There are a lot of examples of the ‘Tragic Backstory’ trope in comics, but X-Men Rogue has to be right near the top. After discovering her powers by practically killing the boy she loved, she was roped by a woman who turned out to be her birth mother into a life of mutant terrorism. She accidentally nearly killed an Avenger, for which she was branded a monster, and when she found a place to belong, even the other freaks didn’t trust her. Once with the X-Men, she found a man she could love, only to find that her powers still stood in the way, and he was a giant dirtbag, leading to today’s soap opera query…
The MS-QOTD (pronounced, as always, “misquoted”) won’t even mention Wolverine making fun of the way she says “time” as “tahm”, which isn’t really tragic, but is really jerkass, especially since he still says “aboat”, asking: Which character has the MOST tragic backstory in all of fiction?
4 Comments
J’onn J’onzz watching his entire species be murdered by his brother should have lasting effects.
Its hard to top this.
Ouch. That *IS* a big one.
Alita of Battle Angel fame. She’s, like, composed of 90% tragic backstory.
Her life begins as a cancerous tumor that grows faces and brains out of the infected person’s body. Her donor-mother happens to be a Martian Princess, so she is harvested and given a cyborg body which is then kidnapped to be used in a Martian political power struggle.
The time frame is disjointed, but next we find her barely having any self-awareness as she is force marched across a minefield as a Polish Detector, but is save by the person whom will supposedly teach her martial arts. (But not yet!) She met up with another girl when being made to walk across a minefield, Erika, and a friendship is formed. They’re taken to an orphanage and dropped off. The orphanage is attacked and all of her new friends, except Erika, are killed while they flee.

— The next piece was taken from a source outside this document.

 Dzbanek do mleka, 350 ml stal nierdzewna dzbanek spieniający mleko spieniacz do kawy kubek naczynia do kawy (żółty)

They’re picked up by a kindly traveling doctor as he is visiting the less well-to-do sections of war-torn Mars. They drive for a bit, but then the giant bubble that is keeping in the atmosphere gets attacked by terrorists and a hole is blow in it, letting out all the air in an explosive event killing hundreds (Thousands? There is a lot of people in the background stacked like cord wood in the aftermath.)

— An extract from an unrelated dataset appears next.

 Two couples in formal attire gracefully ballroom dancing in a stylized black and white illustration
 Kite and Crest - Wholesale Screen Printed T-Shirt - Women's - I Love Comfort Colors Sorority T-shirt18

They manage to survive and they continue their journey. Her friend is remembers that she has been horrifically abused as a child growing up and murdered her parents in revenge.
Then Alita’s mother is found! Alita is delivered to her and is well taken care of for a short while. It’s not her mother, guys. It turns out to be a nursemaid that is playing the part of her mother (And is like an cousin or something of her donor-mother, explaining why they look alike.), but she loves her anyway, so it’s okay. Then she gets kidnapped again.
Or they’re kidnapped and her foster mother turns it into an escape attempt to avoid being used as political pawns. Her foster mother is killed in escape.
There is blank space here in her timeline as her story is still being told, but what eventually happens is that she gets inducted into a Martial Arts Freedom Fighter’s Cult/Terrorist Organization and learns to kick butt/slaughter indiscriminately. She fights in a prolonged war for Martian Independence, for which side was never to clear as the sides are very distinct yet, only to participate in a suicide spaceship ramming maneuver, get exploded into orbit, survive re-entry on Earth to land in a giant scrapheap where she laid dormant for at least a hundred years.
It is at THIS point that Doctor Ido find’s Alita in the giant scrapheap under Tiphares and the Battle Angel manga begins.